Torsion is antisymmetric

Statement

Let ${\displaystyle M}$ be a differential manifold and ${\displaystyle \mathrm{\nabla }}$ be a linear connection on ${\displaystyle M}$ (viz., ${\displaystyle \mathrm{\nabla }}$ is a connection on the tangent bundle ${\displaystyle TM}$ of ${\displaystyle M}$).
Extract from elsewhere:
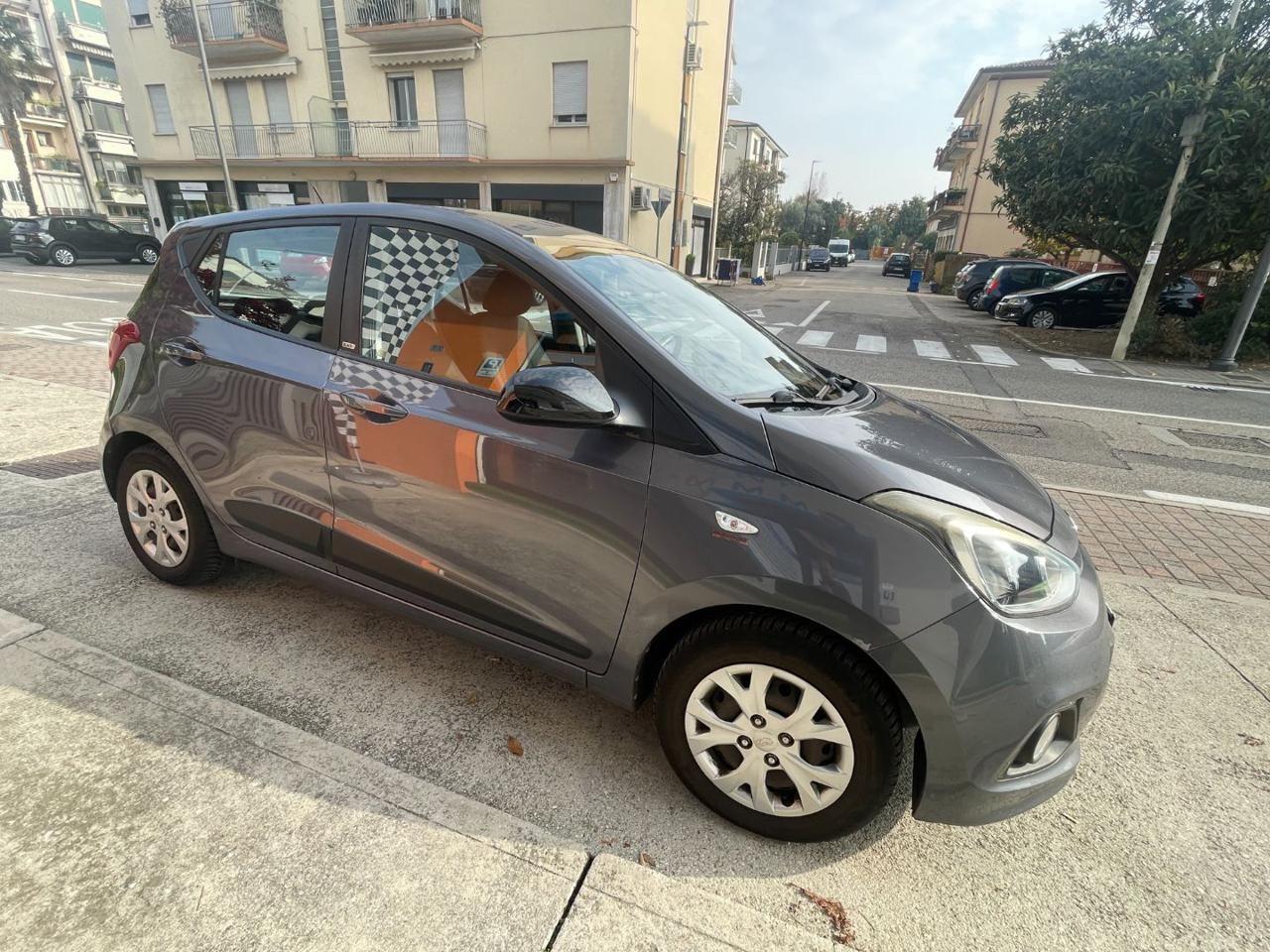 HYUNDAI i10 1.0 MPI unico proprietario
Consider the torsion of ${\displaystyle \mathrm{\nabla }}$, namely:

${\displaystyle \tau (\mathrm{\nabla }):\mathrm{\Gamma }(TM)\times \mathrm{\Gamma }(TM)\to \mathrm{\Gamma }(TM)}$

given by:

${\displaystyle \tau (\mathrm{\nabla })(X,Y)={\mathrm{\nabla }}_{X}Y-{\mathrm{\nabla }}_{Y}X-[X,Y]}$

Then, ${\displaystyle \tau (\mathrm{\nabla })}$ is antisymmetric, i.e.:

${\displaystyle \tau (\mathrm{\nabla })(Y,X)=-\tau (\mathrm{\nabla })(X,Y)}$

Equivalently, ${\displaystyle \tau }$ is alternating, i.e.:

${\displaystyle \tau (\mathrm{\nabla })(X,X)=0}$.

Related facts

• Torsion is tensorial
• Curvature is tensorial
• Curvature is antisymmetric in first two variables

Proof

The proof follows directly from the definition, and the fact that the Lie bracket of derivations is antisymmetric.